For the last three games, the Astros have been forced to use their minor league-quality starters, and for the third straight game, the game was effectively over in the first inning.
On Sunday, Hunter Brown surrendered three first-inning runs en route to a 6-0 Nats win. On Tuesday night, J.P. France gave up five runs, putting the Astros in a hole leading to a 7-2 loss to the Cubs.
Tonight, in his third career start, Spencer Arrighetti spotted the Cubs four runs in the first, most of which came from a Dansby Swanson homer, much like the two homers that doomed France the night before.
And like Brown, Arrighetti managed to find a groove after the first innings, getting through an additional 2.2 innings without allowing a run.
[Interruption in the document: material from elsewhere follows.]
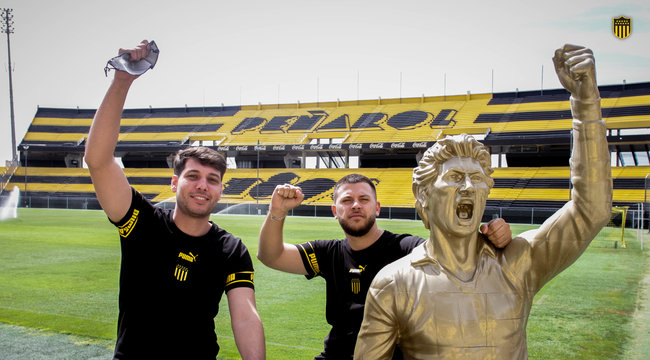imagen de Socios e hinchas continúan disfrutando de las Experiencias CDS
But let’s not lay all the blame on the pitching. In at least one of these last three games the Astros bats should have been able to overcome the early deficit. Especially tonight. In the last three games, the Astros have managed only five runs.
The Astros did manage to cut the Cubs’ early lead in half in the third inning on a Jake Meyers sacrifice bunt and an Alex Bregman RBI single.
After that, wasted opportunity after wasted opportunity.
An Altuve homer in the ninth cut the Cubs lead to one, but Bregman, Yordan Alvarez, and Kyle Tucker went down quietly with the win within grasp.
The Astros’ offensive problem was a familiar one: failure in the clutch. The Astros were 1-10 with runners in scoring position and left 10 runners on base.
One bright spot was the effectiveness of the bullpen. Shawn Dubin looked impressive, eating 2.1 innings and allowing no baserunners with three strikeouts. Rafael Montero continues to erase his name from the s*** list with another scoreless inning. And Ryan Pressly finally had a clean inning, striking out two, with precise command of sharp breaking stuff.
But with each loss, the irrelevance of good individual performances becomes clearer. Right now, the Astros are about the worst team in baseball, and their chances for their accustomed spot in the playoffs become increasingly remote.